Si tous les romans de Stéphanie Janicot sont de cette facture, je comprends mieux maintenant l'enthousiasme de Clarabel. Une chose est sûre : je ne m'arrêterai pas à ce titre. Je n'ai maintenant qu'une envie, découvrir le reste de l'œuvre de Stéphanie Janicot.

Extrait :

Nous avions rendez-vous dans ma, désormais, nouvelle maison d'édition. Je n'étais pas impressionnée par les bureaux. L'immeuble de Stern & Stern ressemble à celui dans lequel je vis, dans lequel Caleb a tant souhaité nous installer, en hommage à son rêve d'enfant. Je ne me sentais ni décalée ni intimidée. J'étais un écrivain rendant visite à son éditeur. Je ne redoutais que les manifestations de mon imaginaire, trop de familiarité, une complicité déplacée. En rachetant les éditions Phil Bernheim qui me publiaient, Nathaniel Stern m'obligeait à sortir de ma fantaisie. J'étais à la fois intéressée - n'est-ce pas une expérience unique que de pouvoir rencontrer sa créature? - et agacée, j'allais devoir redescendre sur terre alors que j'étais en pleine ascension. J'anticipais la consistance de sa poignée de main, le grain de sa peau, la vivacité de son regard, tous ces détails que j'avais dû inventer et qui, peut-être, ne correspondait en rien au personnage.

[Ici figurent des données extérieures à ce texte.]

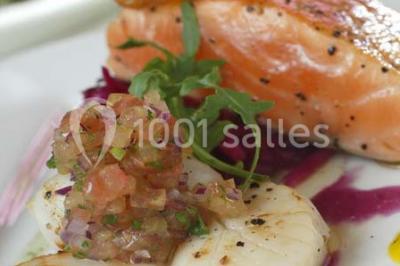 Tour de coupes en verre illuminée et gâteau à étages décoré de fleurs roses sur une table de réception.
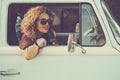 Vintage travel style image concept lifestyle. One cheerful happy woman enjoy destination sitting inside her blue classic van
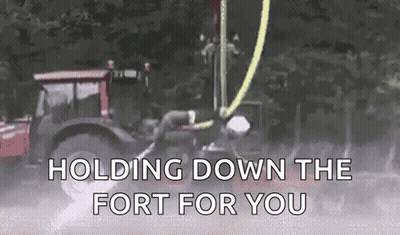 A Tractor Is Holding Down The Fort For You . GIF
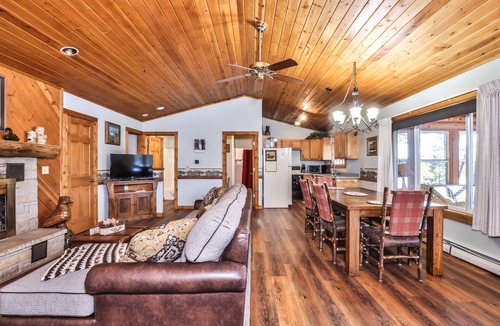 St Germain Cabin | Lakeside resort cabin right on Little Saint with dock, sandy beach, firepit!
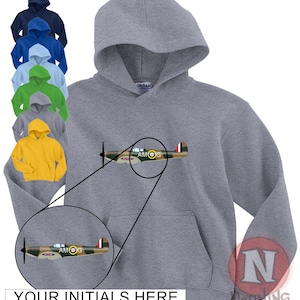 Könnte beinhalten: Ein grauer Kapuzenpullover mit einem kleinen gestickten Bild eines Tarnflugzeugs mit den Buchstaben "AMOG" an der Seite. Der Pullover hat eine große Tasche auf der Vorderseite und eine Kapuze mit Kordelzug.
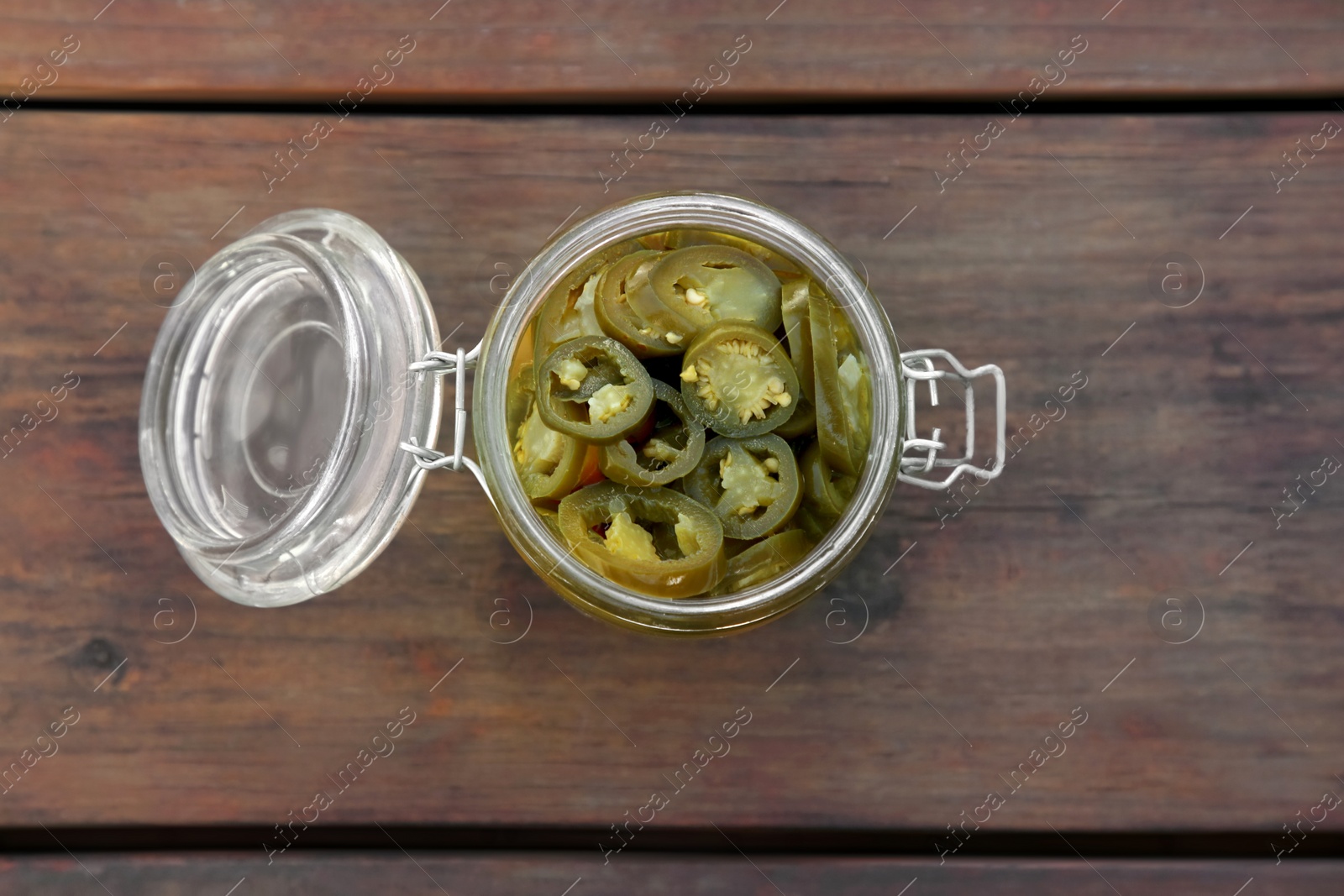 Photo of Glass jar of pickled green jalapeno peppers on wooden table, top view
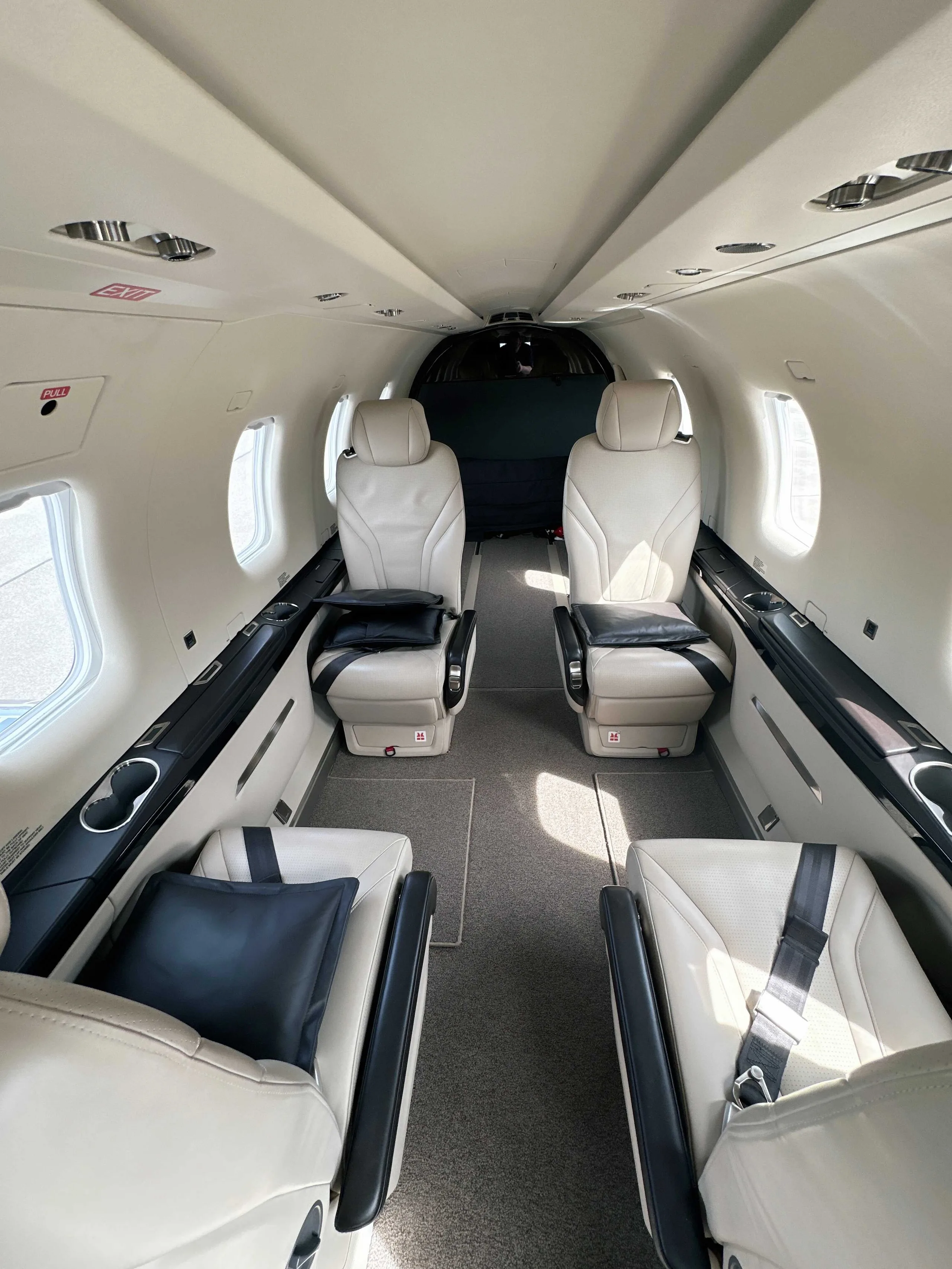 The interior cabin of an aircraft with four light-colored leather seats and dark pillows, facing forward.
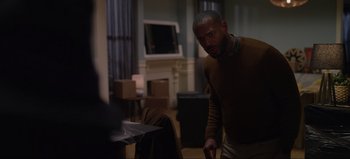 Movie still from “The Curse of Bridge Hollow” (2022), directed by Jeff Wadlow – A man standing in a living room next to a fireplace; Medium shot, Over the shoulder angle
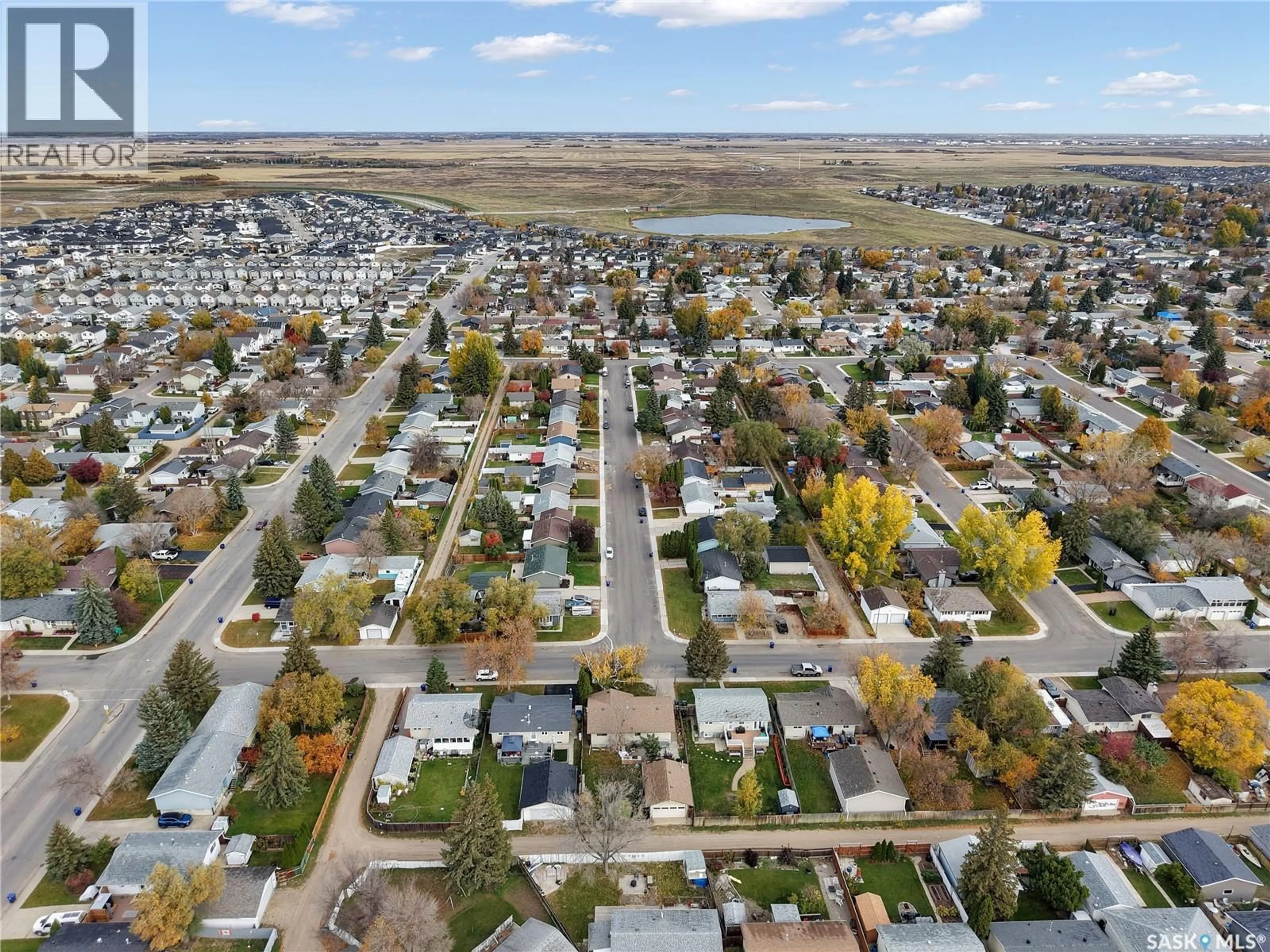 A pic from outside/outdoor area/front of a property/back of a property/a pic from drone, street for 106 SHEA CRESCENT, Saskatoon Saskatchewan S7L5M1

Nous nous dévisagions par-dessus son bureau. Il s'était levé en me voyant entrer. L'épaisse moquette rendait mes pas clandestins. De la baie vitrée, on dominait Manhattan, mais cela ne suscitait pas mon intérêt. Sa façon de se lever, gauche, hâtive, révélait un corps maladroit, détail qui contribua à m'attendrir. Il sourit en me tendant la main et une fossette se creusa au coin de sa joue. J'aurais dû me douter que cette confrontation serait délicate. Notre relation d'emblée déséquilibrée puisqu'il était déjà tout pour moi, et moi rien pour lui. Tout amour est affaire d'imagination. C'est la dimension qui a le plus manqué au couple que je forme avec Caleb. Si je n'avais pas été écrivain, j'aurais mieux réussi ma vie sans doute, je ne me serais pas satisfaite d'une moitié de plaisir. Je me serais ressaisie, j'aurais pensé il doit exister un autre homme pour moi. Je l'aurais quêté. Si je n'avais pas écrit l'amour, je l'aurais recherché à tout prix car personne ne peut vivre sans perspective d'amour. Mon tempérament n'a pas été de vivre, mais d'imaginer la vie.
Je t'ai inventé, répétait ma voix intérieure.